From: Washington Post
Nov. 17, 2002

By William Branigin
Washington Post Staff Writer
Sunday, November 17, 2002; Page C01

James and Janet Byrne knew they were facing a major challenge when their first child was born five years ago. James has cerebral palsy and is hearing-impaired. Janet is completely deaf.

"Would my hearing child be able to understand deaf parents?" James Byrne said he wondered when the couple's son, John, arrived.

Help came from Healthy Families Virginia, which enrolled the couple in its program of weekly home visits and referred James Byrne to an anger-management course at a local mental health center to deal with frustrations stemming from his disabilities and work-related stress. The $15 million Healthy Families program, a public-private partnership that has 36 sites around the state, is aimed mainly at preventing child abuse and neglect by helping its clients -- mainly single mothers -- become better parents. It also serves as a safety net for new parents with disabilities.

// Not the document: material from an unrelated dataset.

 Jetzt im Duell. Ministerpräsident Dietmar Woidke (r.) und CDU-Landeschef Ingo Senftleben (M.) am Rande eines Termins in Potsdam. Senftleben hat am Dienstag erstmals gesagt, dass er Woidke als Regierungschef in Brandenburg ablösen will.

On Tuesday, as program officials, social workers and local elected leaders looked on, Virginia first lady Lisa Collis awarded the Byrne family -- which now includes 9-month-old Louise -- a certificate as the first to complete the five-year Healthy Families program in the Mount Vernon area, one of four Fairfax County locations where it is offered.

How many more of the state's more than 4,000 enrolled families will graduate is anybody's guess. After rescuing the program last year from budget cuts planned by then-governor James S. Gilmore III (R), Healthy Families advocates are worried that it could again land on the chopping block.

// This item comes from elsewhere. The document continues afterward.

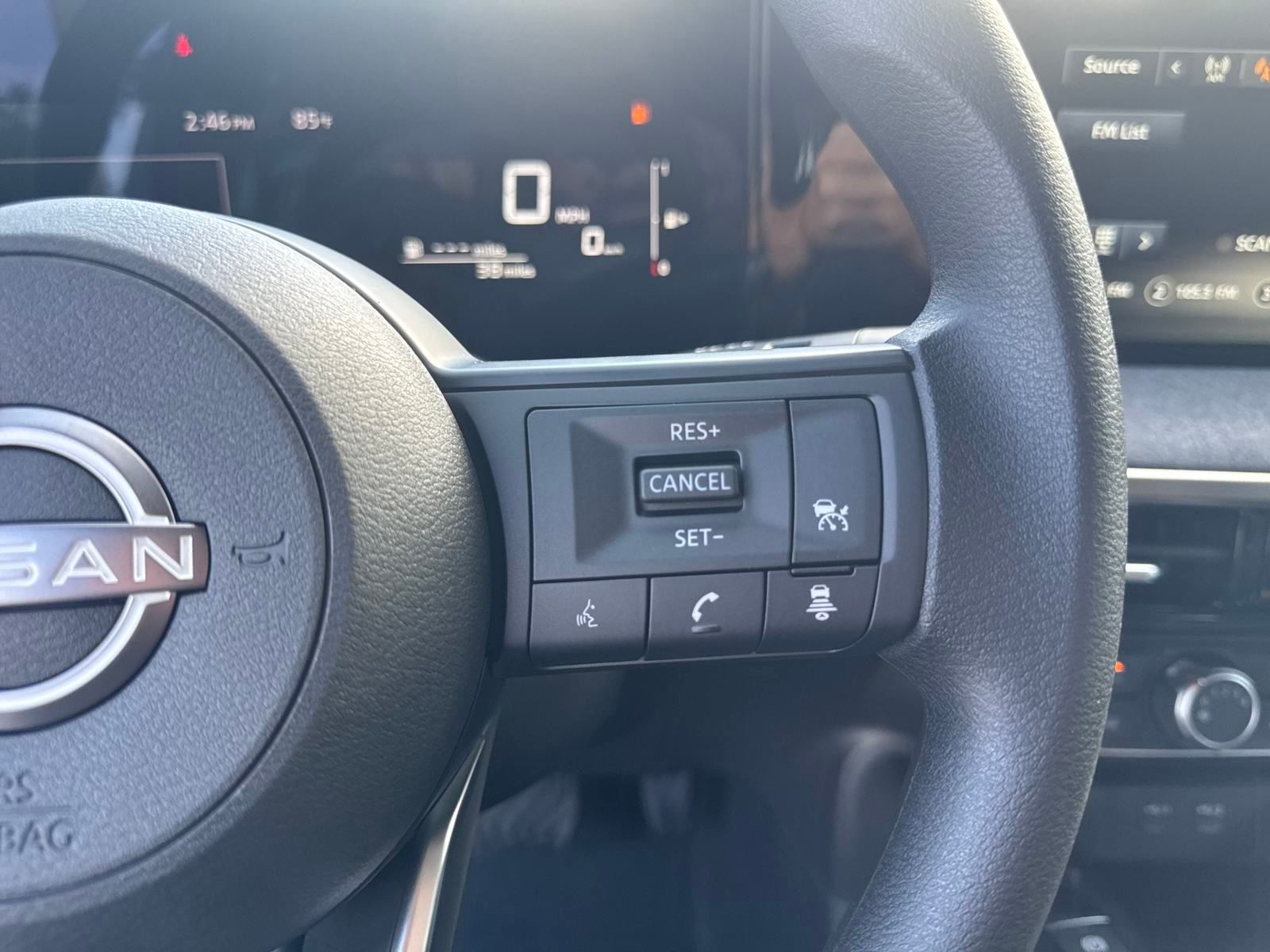 Vehicle image 20 of 23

To save money, Virginia has replaced its $3.7 million annual contribution to the program with federal welfare funds, a move that eliminates the state's ability to obtain federal matching grants. The federal welfare funding is scheduled to run out after next fiscal year, possibly earlier if the slumping economy expands the welfare rolls, advocates said.

"It's a nervous time for us," said Johanna Schuchert, director of Healthy Families Virginia. Although the program so far has survived in the budget plans of Gov. Mark R. Warner (D), "we know that another billion dollars has to be cut," she said. "And when the General Assembly session comes, all the money will be up for grabs again."

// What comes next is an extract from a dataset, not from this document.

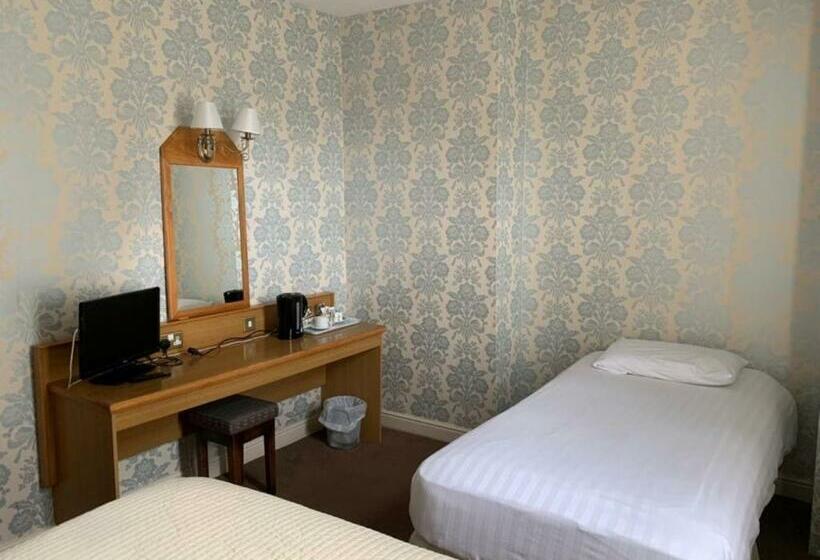 اتاق سوپریور چهار تخته, Waterford Lodge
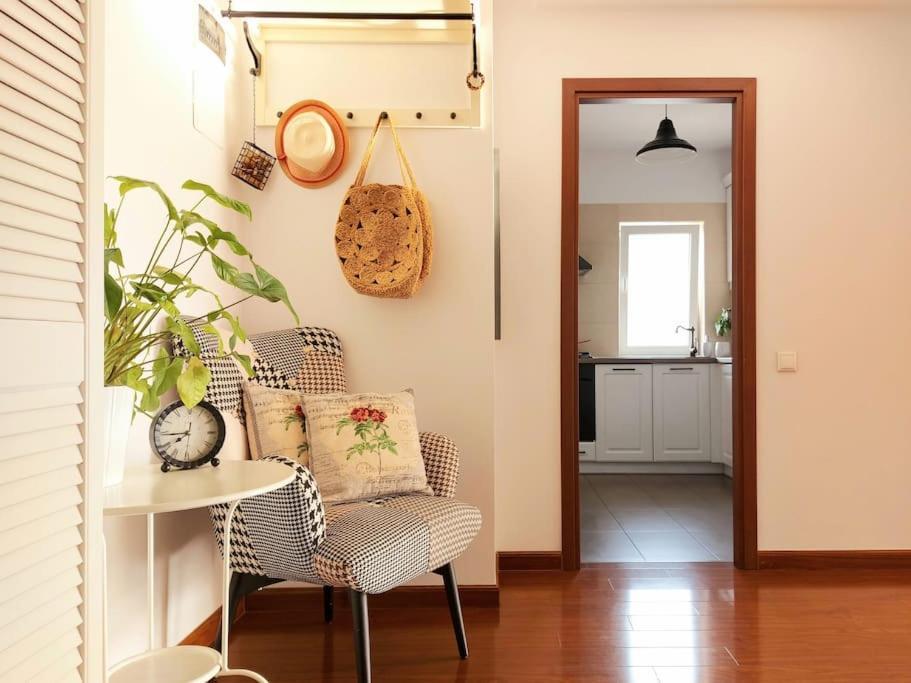Cosy Boutique 61 Sqm Apartment - Private Parking - Ten Blocks Residence ブカレスト エクステリア 写真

Like other prevention programs, Healthy Families "is extremely vulnerable," said Mary Agee, president of Northern Virginia Family Service, a charity that helps administer the program locally. "Most of our health and human services that are not mandated are being looked at very closely, given the seriousness of the budget cuts. . . . It's just a tragic situation to be facing these choices."

If the state decides it must divert the federal welfare money, Healthy Families would have to close half its 36 sites and reduce services at the rest by 25 to 75 percent, Schuchert said. More than 1,000 families would lose services, and at least 100 staff members would be out of jobs, she said.

In Northern Virginia -- where 1,420 families are enrolled at program sites in Fairfax, Prince William and Arlington counties plus Alexandria -- more than 430 families would have to be dropped from the program's home-visiting services if the state's contribution of federal dollars ended, Schuchert said.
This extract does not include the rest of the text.